The cultural destruction wrought by the internet has reached truly apocalyptic proportions. The death of unbiased, objective news delivered exclusively by white males; the reduction of teenage attention spans to the length of half a Tosh.O punchline; and, perhaps most insidious, the very existence of iJustine threatens to unspool the moral fabric upon which our modern social order is built.

Also this is pretty terrifying.

This would not be the first time that a seemingly beneficial technology plunged a civilization into an irrevocable cultural nosedive. Indeed, contrary to what Fox News may tell you, it was neither Mexican immigrants nor mandatory orgy Mondays that ultimately doomed the Roman Empire. It was a retweeted Emperor Nero nip slip.


[Voltaire in Seventeen Inches]

But while the miserable vestiges of the mainstream media devote story after story to dying newspapers, online porn addictions and toddlers with carpel tunnel, the real travesty of the internet lie in the litany of small, day-to-day pleasures Generation Gawker will never even get the chance to experience.

I refer to my generation of twenty-somethings as the “straddle generation,” as we experienced the first half of our adolescence blissfully sans internet and the second half writing in our Live Journal about Evanescence. Us “straddlers” are unique in that unlike our younger siblings we enjoy a vague recollection of what life was like before Facebook, and unlike our parents we got rid of our Encarta CD-ROM 15 years ago.

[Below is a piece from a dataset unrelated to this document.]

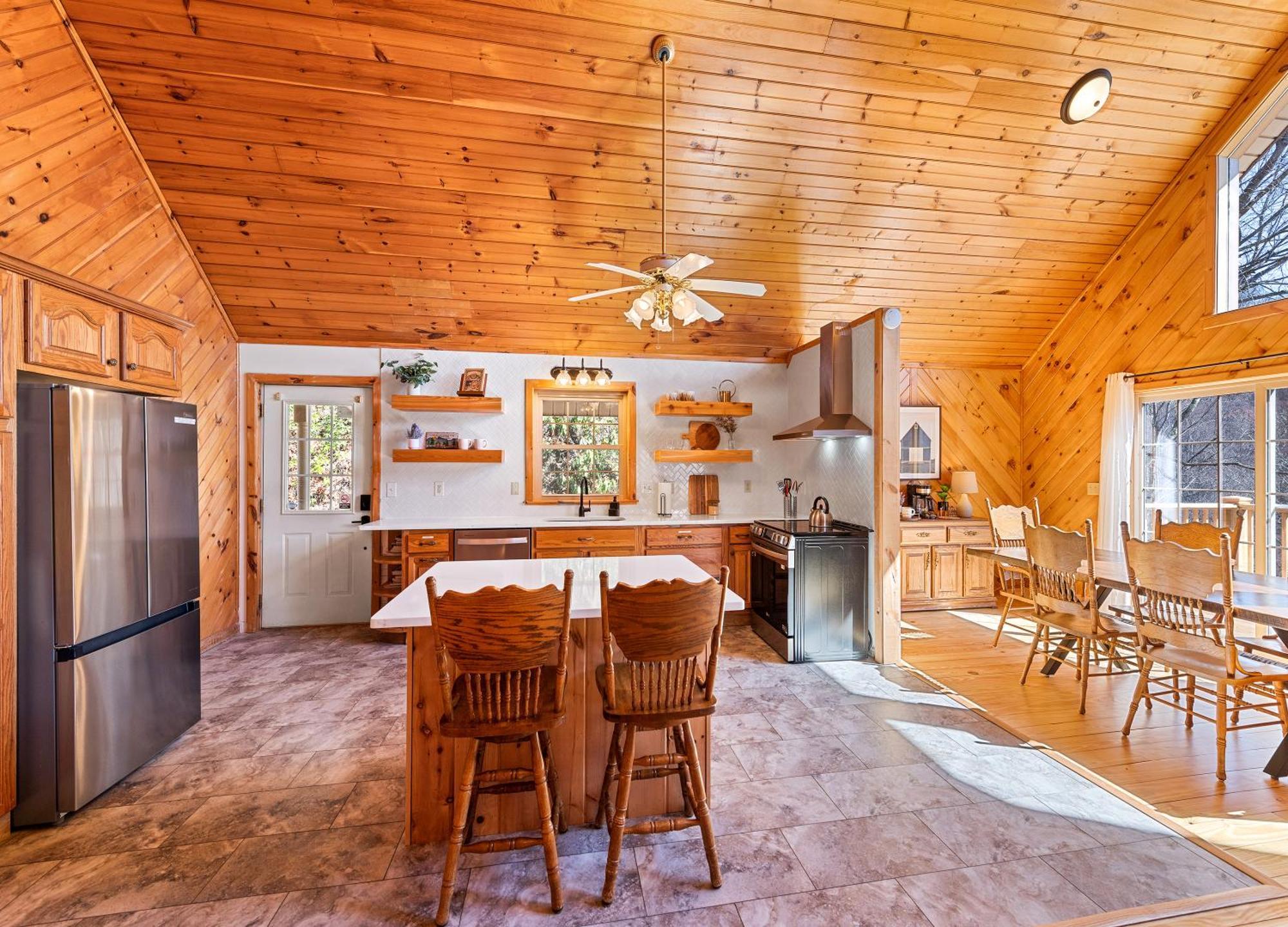 Maggie Valley Cabin With Beautiful Mountain Views, Hottub, Pet Friendly, Gameroom, Fireplace Eksteriør bilde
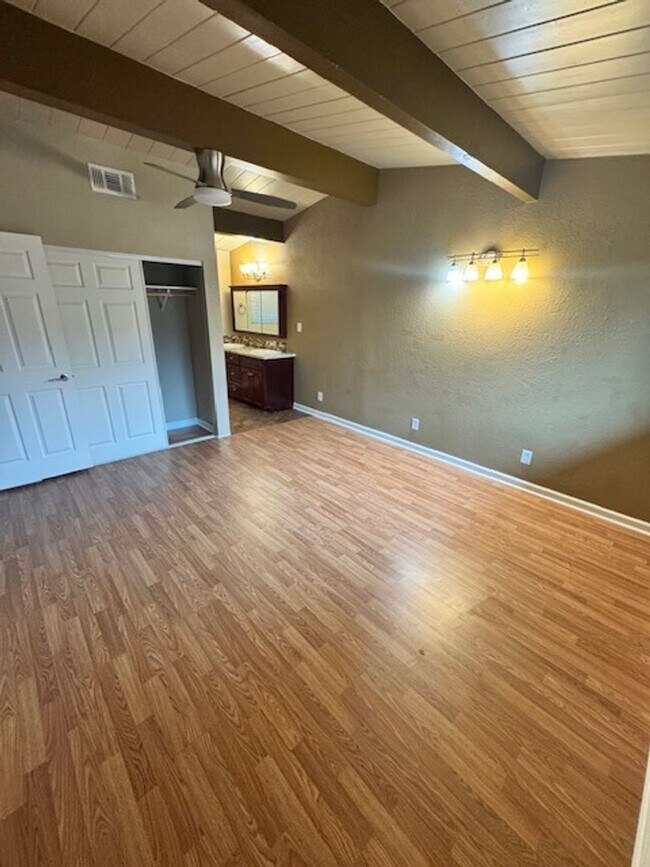 Building Photo - Available for Move In 3 Bed, 2.5 Bath Home...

But whenever my fellow straddlers and I reminisce about our formative teenage years, we more often than not conclude that some of our fondest memories (late-night conversations at Chili’s, getting stranded in Reno, unexpected pregnancy scares) would not have occurred if at the time we simply had access to an iPhone (if you haven’t got the PlanB app yet, get on that shit). The overwhelming ease and convenience of the internet has collectively robbed us of some of the small and underappreciated pleasures of life that accompanied its little frustrations. Just like the fact that your grandfather had to walk 35 miles uphill in the snow dodging Nazi rifle fire to get to elementary school, the fact that I once had to know all of Bill Murray’s filmography by rote without referencing IMDB ultimately made me a better person.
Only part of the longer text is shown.